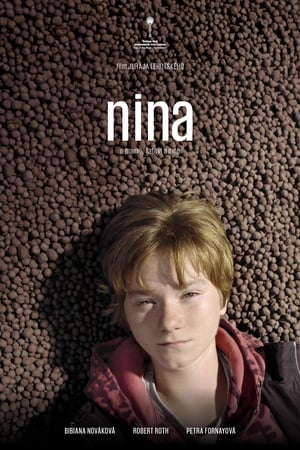 Poster Nina 2017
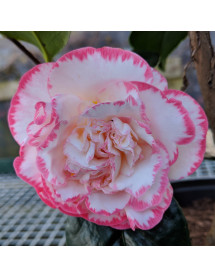 Camellia japonica Margaret Davis (4.5 and 5lt)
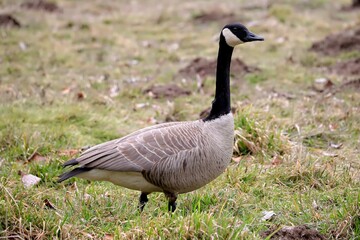The Canadian Goose has an appeal always being with family or groups. There is never another one far away. 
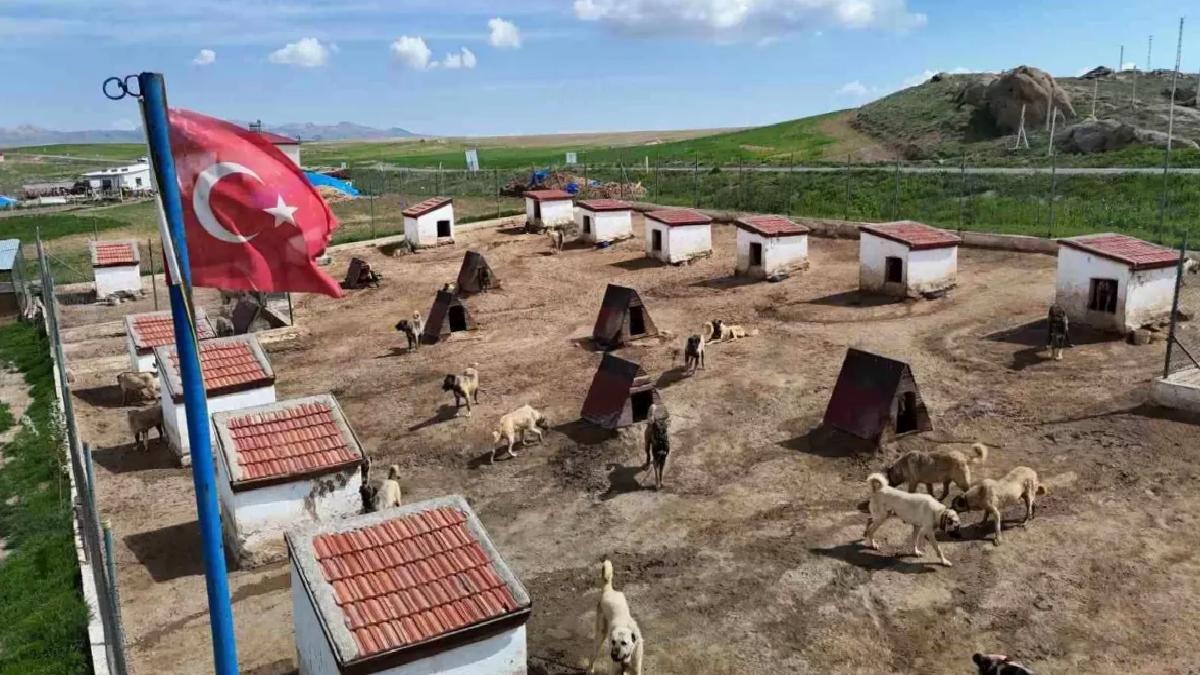 Kangal Köpeklerine Ortadoğu Talebi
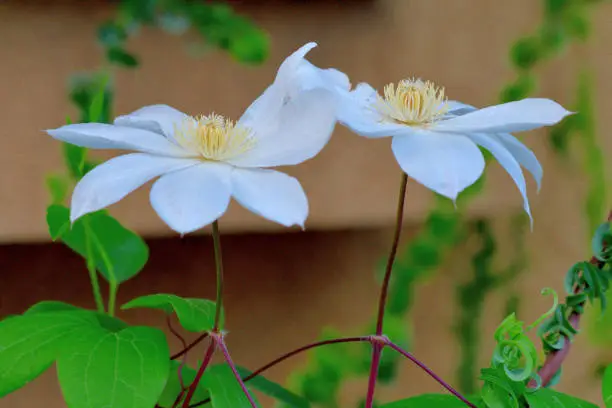 Clematis is one of the most popular garden plants. Known for its incredible flowers, clematis is made of woody, climbing vines. It offers such a broad range of bloom colors (blue, purple, pink, red, white), shapes and seasons (spring, summer and fall). It is a genus within the buttercup family, Ranunculaceae. Originating in China, the plant was brought to Japan in the 17th century.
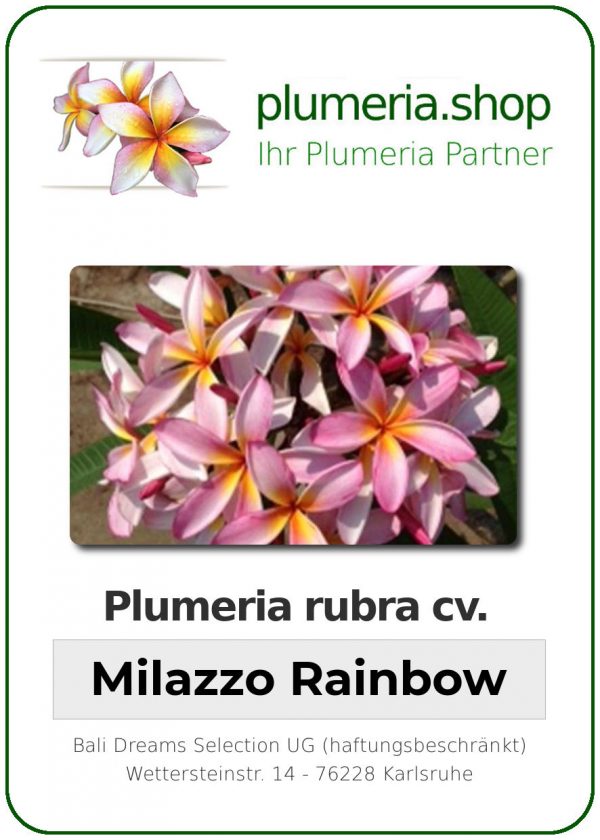 Plumeria rubra &quot;Milazzo Rainbow&quot; (arc-en-ciel)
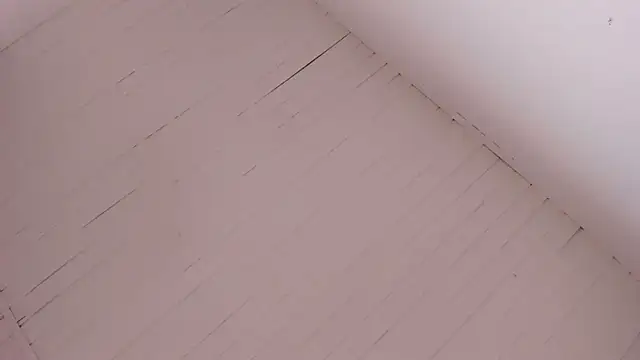 BellaBoobs  online show from October 15, 2025, 7:36 pm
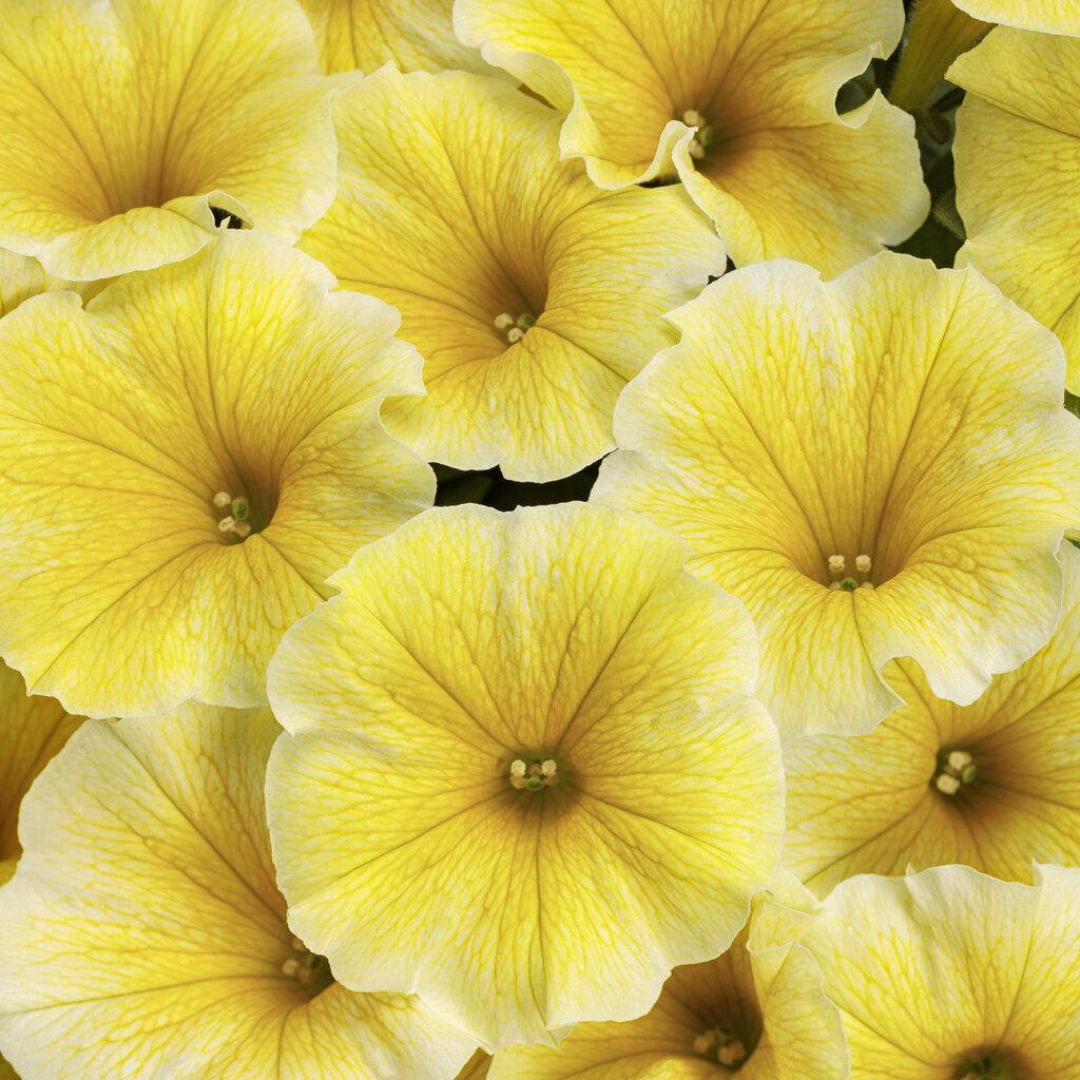 Supertunia® Saffron Finch™ Petunia | Proven Winners®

• • • •

• ACTIVITY
What is needed is an exact copy of the lines from the one containing "Plumeria rubra &quot;Milazzo" through the last line of the records, with every picture left out.

• RESPONSE
 Plumeria rubra &quot;Milazzo Rainbow&quot; (arc-en-ciel)
 BellaBoobs  online show from October 15, 2025, 7:36 pm
 Supertunia® Saffron Finch™ Petunia | Proven Winners®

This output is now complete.